_Exercise brief:_ Up to the line containing "office indoors Portrait", nothing is kept; from that line through the end of the data below, output every line exactly.

[Records from a data collection]
- Opening Delimiter -

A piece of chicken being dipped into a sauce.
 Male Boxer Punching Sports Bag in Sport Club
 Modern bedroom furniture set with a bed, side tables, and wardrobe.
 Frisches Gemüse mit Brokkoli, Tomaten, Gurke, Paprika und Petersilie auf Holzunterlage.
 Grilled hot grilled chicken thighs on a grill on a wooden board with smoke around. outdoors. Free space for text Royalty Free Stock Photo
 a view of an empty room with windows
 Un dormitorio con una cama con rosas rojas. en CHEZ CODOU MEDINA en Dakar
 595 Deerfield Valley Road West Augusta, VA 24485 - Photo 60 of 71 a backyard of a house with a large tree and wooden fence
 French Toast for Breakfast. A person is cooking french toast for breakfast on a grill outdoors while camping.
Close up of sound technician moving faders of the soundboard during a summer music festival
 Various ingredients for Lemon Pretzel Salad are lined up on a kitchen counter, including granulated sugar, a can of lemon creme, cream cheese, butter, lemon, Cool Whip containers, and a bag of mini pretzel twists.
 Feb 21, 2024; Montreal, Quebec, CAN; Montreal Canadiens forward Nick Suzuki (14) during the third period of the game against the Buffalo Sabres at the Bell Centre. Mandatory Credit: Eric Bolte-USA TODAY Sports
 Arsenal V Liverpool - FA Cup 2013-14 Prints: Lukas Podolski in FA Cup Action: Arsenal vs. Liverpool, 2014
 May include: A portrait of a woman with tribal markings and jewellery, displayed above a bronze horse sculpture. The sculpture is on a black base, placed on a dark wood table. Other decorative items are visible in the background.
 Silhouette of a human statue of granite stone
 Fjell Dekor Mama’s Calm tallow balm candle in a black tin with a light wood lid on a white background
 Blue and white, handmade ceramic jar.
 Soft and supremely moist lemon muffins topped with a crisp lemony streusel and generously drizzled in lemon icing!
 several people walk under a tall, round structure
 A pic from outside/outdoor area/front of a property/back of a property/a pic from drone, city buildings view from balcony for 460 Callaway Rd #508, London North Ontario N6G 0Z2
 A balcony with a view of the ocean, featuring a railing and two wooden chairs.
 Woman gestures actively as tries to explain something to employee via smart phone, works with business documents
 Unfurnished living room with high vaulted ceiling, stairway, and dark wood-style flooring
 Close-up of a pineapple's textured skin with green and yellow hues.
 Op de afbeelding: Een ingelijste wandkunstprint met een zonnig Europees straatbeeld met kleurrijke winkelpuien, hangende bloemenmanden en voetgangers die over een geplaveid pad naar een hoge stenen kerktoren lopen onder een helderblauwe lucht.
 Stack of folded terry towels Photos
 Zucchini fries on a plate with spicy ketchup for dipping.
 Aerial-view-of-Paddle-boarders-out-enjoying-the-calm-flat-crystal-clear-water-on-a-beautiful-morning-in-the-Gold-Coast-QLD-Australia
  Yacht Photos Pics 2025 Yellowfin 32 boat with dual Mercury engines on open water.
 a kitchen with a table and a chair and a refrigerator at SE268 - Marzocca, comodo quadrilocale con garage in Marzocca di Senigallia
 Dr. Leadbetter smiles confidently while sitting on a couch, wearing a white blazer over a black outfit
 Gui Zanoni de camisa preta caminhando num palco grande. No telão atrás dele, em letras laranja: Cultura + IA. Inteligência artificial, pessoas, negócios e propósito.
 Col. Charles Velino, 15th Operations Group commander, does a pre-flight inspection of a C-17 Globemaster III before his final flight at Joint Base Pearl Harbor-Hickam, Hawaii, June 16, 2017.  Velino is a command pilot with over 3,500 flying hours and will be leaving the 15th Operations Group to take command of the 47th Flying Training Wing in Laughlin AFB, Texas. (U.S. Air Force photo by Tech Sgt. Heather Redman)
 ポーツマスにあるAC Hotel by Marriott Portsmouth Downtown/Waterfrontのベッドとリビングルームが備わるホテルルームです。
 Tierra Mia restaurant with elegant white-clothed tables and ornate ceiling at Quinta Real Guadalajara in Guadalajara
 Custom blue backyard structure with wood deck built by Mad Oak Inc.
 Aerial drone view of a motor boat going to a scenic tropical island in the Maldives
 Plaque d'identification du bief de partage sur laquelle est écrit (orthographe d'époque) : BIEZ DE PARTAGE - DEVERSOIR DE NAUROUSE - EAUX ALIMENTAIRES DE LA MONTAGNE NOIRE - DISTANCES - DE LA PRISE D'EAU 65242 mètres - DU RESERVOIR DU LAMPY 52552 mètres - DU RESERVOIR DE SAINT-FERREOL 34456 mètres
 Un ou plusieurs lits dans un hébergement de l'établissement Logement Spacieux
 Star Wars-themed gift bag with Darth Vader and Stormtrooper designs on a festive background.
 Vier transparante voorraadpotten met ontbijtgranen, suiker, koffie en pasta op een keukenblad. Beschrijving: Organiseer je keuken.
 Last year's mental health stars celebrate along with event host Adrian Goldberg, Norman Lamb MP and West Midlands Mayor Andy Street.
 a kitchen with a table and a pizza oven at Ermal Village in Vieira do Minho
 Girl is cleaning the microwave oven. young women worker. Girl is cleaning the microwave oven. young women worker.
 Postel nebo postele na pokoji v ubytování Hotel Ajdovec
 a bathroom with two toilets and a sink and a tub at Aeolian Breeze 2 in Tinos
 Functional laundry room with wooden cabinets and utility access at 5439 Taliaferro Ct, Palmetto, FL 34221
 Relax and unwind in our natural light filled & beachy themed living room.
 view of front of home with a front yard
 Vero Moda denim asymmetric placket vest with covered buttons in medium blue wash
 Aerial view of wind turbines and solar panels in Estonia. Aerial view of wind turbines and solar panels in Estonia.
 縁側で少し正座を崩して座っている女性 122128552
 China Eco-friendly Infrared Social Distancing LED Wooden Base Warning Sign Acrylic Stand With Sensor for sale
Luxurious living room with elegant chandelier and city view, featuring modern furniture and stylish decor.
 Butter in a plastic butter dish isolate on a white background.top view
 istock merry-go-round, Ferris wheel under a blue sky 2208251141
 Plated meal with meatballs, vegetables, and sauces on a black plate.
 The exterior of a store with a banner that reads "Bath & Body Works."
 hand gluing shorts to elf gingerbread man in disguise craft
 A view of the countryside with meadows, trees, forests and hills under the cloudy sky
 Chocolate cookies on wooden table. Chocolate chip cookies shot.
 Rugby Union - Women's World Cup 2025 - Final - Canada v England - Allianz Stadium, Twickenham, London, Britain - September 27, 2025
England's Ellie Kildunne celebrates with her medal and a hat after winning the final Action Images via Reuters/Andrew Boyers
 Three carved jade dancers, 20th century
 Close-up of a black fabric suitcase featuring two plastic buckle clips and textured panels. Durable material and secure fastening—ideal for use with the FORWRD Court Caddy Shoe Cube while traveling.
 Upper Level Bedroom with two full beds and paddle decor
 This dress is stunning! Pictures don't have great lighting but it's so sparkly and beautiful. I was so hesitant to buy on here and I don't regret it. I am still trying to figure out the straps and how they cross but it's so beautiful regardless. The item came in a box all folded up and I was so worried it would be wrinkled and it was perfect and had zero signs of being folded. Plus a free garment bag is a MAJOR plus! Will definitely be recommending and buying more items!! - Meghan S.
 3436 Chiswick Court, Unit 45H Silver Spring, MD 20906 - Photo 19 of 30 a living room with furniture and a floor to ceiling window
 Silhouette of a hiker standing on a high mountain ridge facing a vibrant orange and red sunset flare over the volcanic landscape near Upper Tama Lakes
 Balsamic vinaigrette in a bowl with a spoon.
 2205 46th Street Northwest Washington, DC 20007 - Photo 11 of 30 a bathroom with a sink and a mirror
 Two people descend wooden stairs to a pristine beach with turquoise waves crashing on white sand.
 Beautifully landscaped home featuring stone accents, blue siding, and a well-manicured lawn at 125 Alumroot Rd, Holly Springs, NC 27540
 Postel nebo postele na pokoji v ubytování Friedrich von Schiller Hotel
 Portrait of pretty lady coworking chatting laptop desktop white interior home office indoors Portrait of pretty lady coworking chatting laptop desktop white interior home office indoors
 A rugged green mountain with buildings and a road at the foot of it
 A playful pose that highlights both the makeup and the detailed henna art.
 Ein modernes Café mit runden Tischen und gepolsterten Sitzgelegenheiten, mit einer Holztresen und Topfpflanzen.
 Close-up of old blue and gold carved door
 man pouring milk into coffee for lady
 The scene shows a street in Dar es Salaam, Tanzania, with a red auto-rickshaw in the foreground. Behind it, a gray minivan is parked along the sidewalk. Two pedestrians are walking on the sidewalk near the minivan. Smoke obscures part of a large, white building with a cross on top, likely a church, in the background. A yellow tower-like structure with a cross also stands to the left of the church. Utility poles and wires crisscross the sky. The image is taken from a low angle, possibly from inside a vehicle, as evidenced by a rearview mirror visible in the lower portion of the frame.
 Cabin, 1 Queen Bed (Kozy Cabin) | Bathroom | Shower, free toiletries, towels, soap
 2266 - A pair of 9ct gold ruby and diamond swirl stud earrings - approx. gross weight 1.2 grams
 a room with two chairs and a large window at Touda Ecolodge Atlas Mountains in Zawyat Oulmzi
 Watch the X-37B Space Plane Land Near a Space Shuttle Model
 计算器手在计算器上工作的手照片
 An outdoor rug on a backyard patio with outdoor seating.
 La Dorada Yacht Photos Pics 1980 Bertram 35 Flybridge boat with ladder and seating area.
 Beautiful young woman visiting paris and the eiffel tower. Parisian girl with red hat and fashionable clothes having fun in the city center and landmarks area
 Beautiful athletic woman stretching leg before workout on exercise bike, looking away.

- Closing Delimiter -

_Worked solution:_
 Portrait of pretty lady coworking chatting laptop desktop white interior home office indoors Portrait of pretty lady coworking chatting laptop desktop white interior home office indoors
 A rugged green mountain with buildings and a road at the foot of it
 A playful pose that highlights both the makeup and the detailed henna art.
 Ein modernes Café mit runden Tischen und gepolsterten Sitzgelegenheiten, mit einer Holztresen und Topfpflanzen.
 Close-up of old blue and gold carved door
 man pouring milk into coffee for lady
 The scene shows a street in Dar es Salaam, Tanzania, with a red auto-rickshaw in the foreground. Behind it, a gray minivan is parked along the sidewalk. Two pedestrians are walking on the sidewalk near the minivan. Smoke obscures part of a large, white building with a cross on top, likely a church, in the background. A yellow tower-like structure with a cross also stands to the left of the church. Utility poles and wires crisscross the sky. The image is taken from a low angle, possibly from inside a vehicle, as evidenced by a rearview mirror visible in the lower portion of the frame.
 Cabin, 1 Queen Bed (Kozy Cabin) | Bathroom | Shower, free toiletries, towels, soap
 2266 - A pair of 9ct gold ruby and diamond swirl stud earrings - approx. gross weight 1.2 grams
 a room with two chairs and a large window at Touda Ecolodge Atlas Mountains in Zawyat Oulmzi
 Watch the X-37B Space Plane Land Near a Space Shuttle Model
 计算器手在计算器上工作的手照片
 An outdoor rug on a backyard patio with outdoor seating.
 La Dorada Yacht Photos Pics 1980 Bertram 35 Flybridge boat with ladder and seating area.
 Beautiful young woman visiting paris and the eiffel tower. Parisian girl with red hat and fashionable clothes having fun in the city center and landmarks area
 Beautiful athletic woman stretching leg before workout on exercise bike, looking away.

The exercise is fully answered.